BEGIN Available data
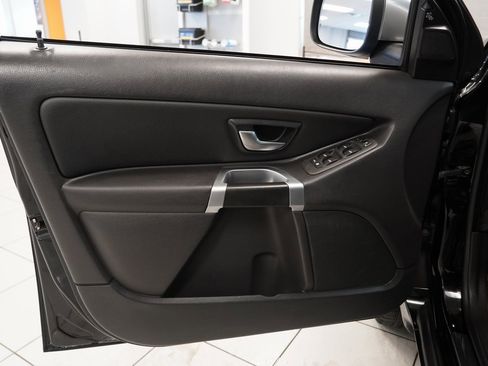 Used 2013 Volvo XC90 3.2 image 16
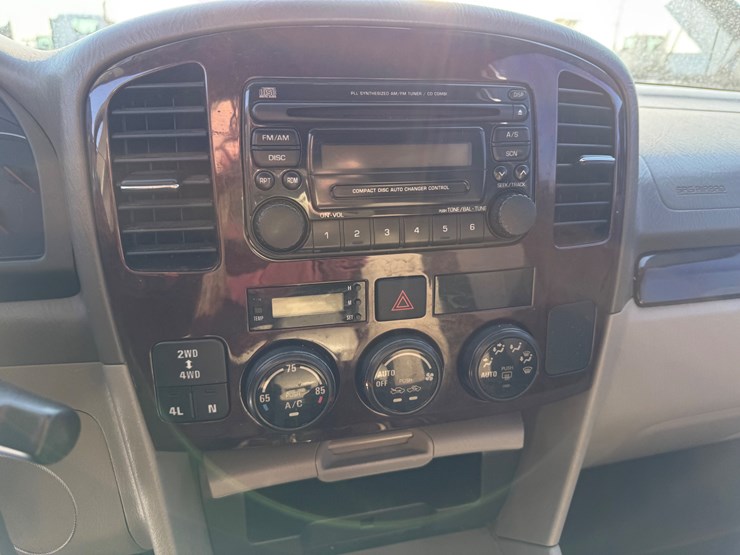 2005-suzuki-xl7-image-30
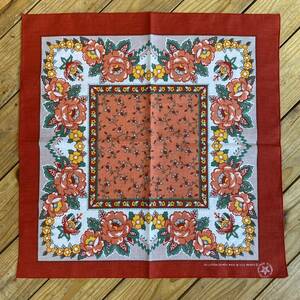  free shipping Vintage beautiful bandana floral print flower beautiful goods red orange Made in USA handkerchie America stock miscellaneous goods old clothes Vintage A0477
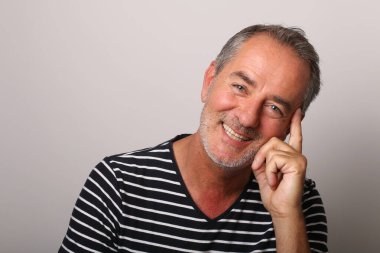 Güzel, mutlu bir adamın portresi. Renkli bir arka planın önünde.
END Available data
BEGIN Available data
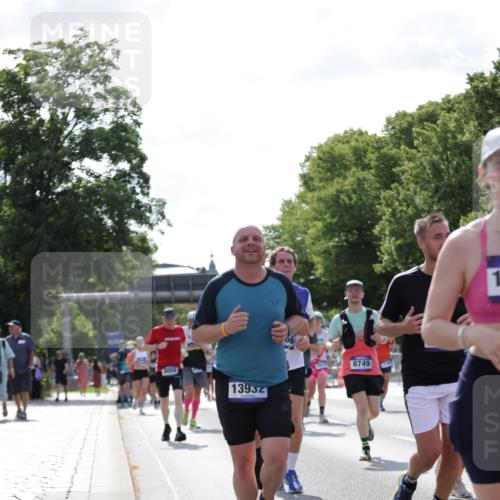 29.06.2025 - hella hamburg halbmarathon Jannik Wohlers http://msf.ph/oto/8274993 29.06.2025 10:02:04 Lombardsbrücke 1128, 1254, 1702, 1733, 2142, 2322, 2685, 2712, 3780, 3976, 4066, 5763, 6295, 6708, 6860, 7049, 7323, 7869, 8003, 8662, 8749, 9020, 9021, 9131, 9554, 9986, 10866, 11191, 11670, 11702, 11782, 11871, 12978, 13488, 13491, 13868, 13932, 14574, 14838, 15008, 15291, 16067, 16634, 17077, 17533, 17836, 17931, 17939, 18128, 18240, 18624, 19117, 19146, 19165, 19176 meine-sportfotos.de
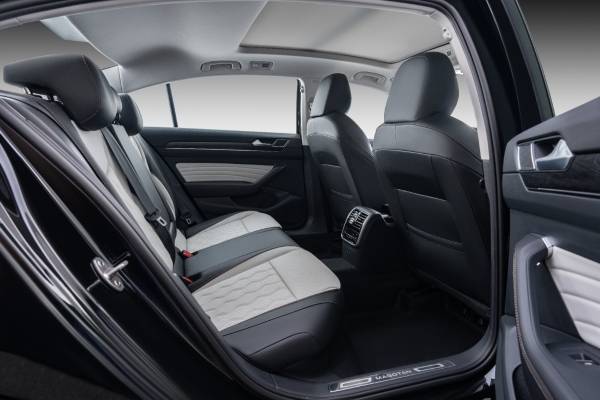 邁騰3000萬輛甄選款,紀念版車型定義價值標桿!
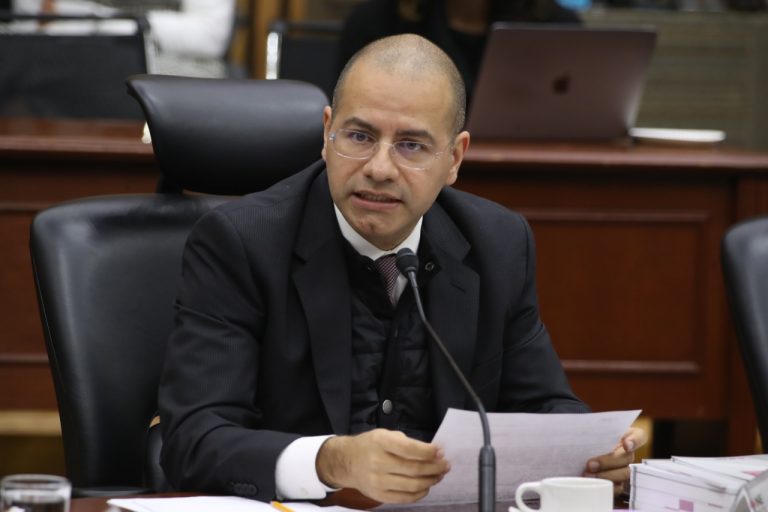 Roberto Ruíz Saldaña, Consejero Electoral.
END Available data
_Directions_. Please copy the lines above exactly, starting at the line that holds "Used 2013 Volvo XC90 3.2 image 16" and ending at the line that holds "Güzel, mutlu bir"; include both, but no pictures.

_The answer_.
 Used 2013 Volvo XC90 3.2 image 16
 2005-suzuki-xl7-image-30
  free shipping Vintage beautiful bandana floral print flower beautiful goods red orange Made in USA handkerchie America stock miscellaneous goods old clothes Vintage A0477
 Güzel, mutlu bir adamın portresi. Renkli bir arka planın önünde.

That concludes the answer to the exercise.